Life is not a comic book (like Hellboy) and Saved! reminds viewers that there is a lot of grey out there.

Saved! is going to irritate some evangelical Christians like Dogma irritated traditional and older Catholics a few years ago because it questions accepted beliefs and cultural mores. But I recommend it to youth ministers and young adult ministers.


Hellboy is a fun movie... following right along with X-Men II and Daredevil. Much religious (Catholic) imagery. Ron Pearlman is so at home as H.B. or "Red" as they call him. It's pure comic book from start (when the Nazi's open a portal to the dark side) and President Roosevelt's head advisor (a professor) about the paranormal and US soldiers stop them. Kind of. A Resputin character goes over to the dark side and a little red creature with horns and a tail escapes into the real world - to be raised by the Professor.

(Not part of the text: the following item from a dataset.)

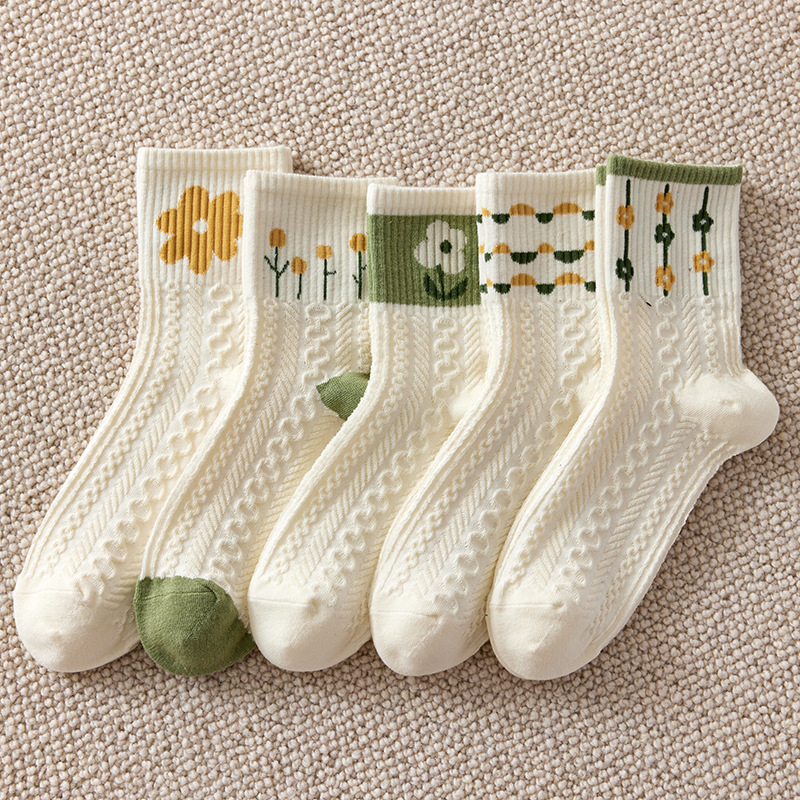 Calcetines de mujer de primavera y verano a media pantorrilla longitud calcetines de mujer japoneses lindos divertidos ojos grandes expresión a media pantorrilla medias de sueño fábrica al por mayor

Years later (H.B.'s age is computed in cat years and he loves kittens) the Professor recruits a young FBI agent to help them go bump in the night back to the unseen spirits who bump in the first place. Good vs. evil. Typical easy categories that make classic style superhero comic books so popular.

Just sit back and enjoy. The story is almost impossible to follow - but see if you see the glimmer of a sign for a sequel... I think I did...

I am becoming a fan of comic-books made-into-movies.

Walking Tall

What a disaster of a movie. I had wanted to like it (based on a true story; The Rock was looking good), but it’s no more than a vigilante film.


I have not wanted to bolt from a movie theater in a long time, but the violence was so over the top and senseless, I could hardly stay to the end (so I could inform you that you don’t need to even wait for the video on this.)


Chris (The Rock) returns home after eight years in Special Forces. The mill is closed and a casino is open – which is involved in all kinds of vice activities. The cops are crooked and the mill hides a meth lab. Chris notices the dice are loaded and when he calls the dealer on it, a fight breaks out. The security guards brutalize Chris… and he ends up going to trial for messing the place up and wins. He runs for sheriff and wins. You get the picture. And his weapon of choice is a 2X4.


He has a monster truck… trucks and sleek cars, the extensions of man. Chris emasculates his opponents by destroying their truck; and they try to do the same to him when they blow up his truck.


What a disappointment. Could have developed all kinds of themes in an intelligent way… inter-racial marriage, the economic-political dynamic of rural towns. But no. Violence is so much more dramatic. Too bad its not smart.